In Enough Said, an overweight man (James Gandolfini, warm as a bearhug in his final leading role) and a slightly quirky woman (an utterly winning Julia Louis-Dreyfus), both middle-aged and divorced and several weeks away from sending their only children off to university and thus becoming empty nesters, strike up an intimate relationship. But, unbeknownst to him, she has recently befriended his ex-wife (Catherine Keener) and is milking her, secretly, for information. "It's like Trip Advisor for relationships," she quips to her friend (a never better Toni Collette).

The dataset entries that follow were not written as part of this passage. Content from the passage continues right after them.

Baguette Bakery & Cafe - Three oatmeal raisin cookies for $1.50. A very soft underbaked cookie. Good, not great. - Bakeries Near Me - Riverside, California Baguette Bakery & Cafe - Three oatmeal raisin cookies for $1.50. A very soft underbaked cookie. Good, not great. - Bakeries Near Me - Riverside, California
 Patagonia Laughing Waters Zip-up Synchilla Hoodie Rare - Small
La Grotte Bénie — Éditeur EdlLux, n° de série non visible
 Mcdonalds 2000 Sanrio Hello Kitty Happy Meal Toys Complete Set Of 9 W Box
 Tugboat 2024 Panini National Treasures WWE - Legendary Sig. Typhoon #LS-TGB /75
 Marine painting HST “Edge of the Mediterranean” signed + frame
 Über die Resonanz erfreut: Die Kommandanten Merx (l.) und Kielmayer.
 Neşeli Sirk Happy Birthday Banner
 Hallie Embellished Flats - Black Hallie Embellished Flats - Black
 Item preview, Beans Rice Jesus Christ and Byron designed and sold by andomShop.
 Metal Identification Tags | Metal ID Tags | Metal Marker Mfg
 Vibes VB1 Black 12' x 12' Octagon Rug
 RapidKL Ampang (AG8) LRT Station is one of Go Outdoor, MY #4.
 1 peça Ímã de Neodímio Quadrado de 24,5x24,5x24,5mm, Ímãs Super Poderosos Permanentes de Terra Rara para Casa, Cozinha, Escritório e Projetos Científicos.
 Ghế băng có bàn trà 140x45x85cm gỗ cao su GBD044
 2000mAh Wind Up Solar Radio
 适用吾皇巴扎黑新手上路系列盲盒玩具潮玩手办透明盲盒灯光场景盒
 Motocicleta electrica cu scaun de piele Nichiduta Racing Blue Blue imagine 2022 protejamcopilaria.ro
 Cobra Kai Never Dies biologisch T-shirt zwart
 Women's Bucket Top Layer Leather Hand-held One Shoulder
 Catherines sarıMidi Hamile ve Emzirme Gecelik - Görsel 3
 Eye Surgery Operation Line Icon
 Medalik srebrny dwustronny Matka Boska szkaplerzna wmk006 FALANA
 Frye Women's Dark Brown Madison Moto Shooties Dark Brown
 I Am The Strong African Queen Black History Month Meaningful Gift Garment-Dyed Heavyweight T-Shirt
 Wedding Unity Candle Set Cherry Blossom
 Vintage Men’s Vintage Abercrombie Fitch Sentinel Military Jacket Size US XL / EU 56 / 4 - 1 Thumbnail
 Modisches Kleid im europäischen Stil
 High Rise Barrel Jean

What if you could know, really know what's going to drive you crazy about your new lover years down the road? Would you want to find out now, while you could still strangle the relationship in its infancy? Wouldn't you be safer that way? Perhaps. But, as Enough Said makes vividly apparent, you'd also be impoverished in myriad ways. Would we ever try anything if we always knew the outcome? And, anyway, what relationship is perfect? What would that even look like?

Despite the utter unlikelihood of the plotting, everything about Enough Said feels lived in and true. A film about loneliness, honesty, aging, and the everyday work we must do to maintain any meaningful relationship, Enough Said is Holofcener's most accessible work yet. Sparkling, light and yet awash in thoughtful insight into the particular challenges of new love in middle age, this was easily my favourite comedy of the festival so far.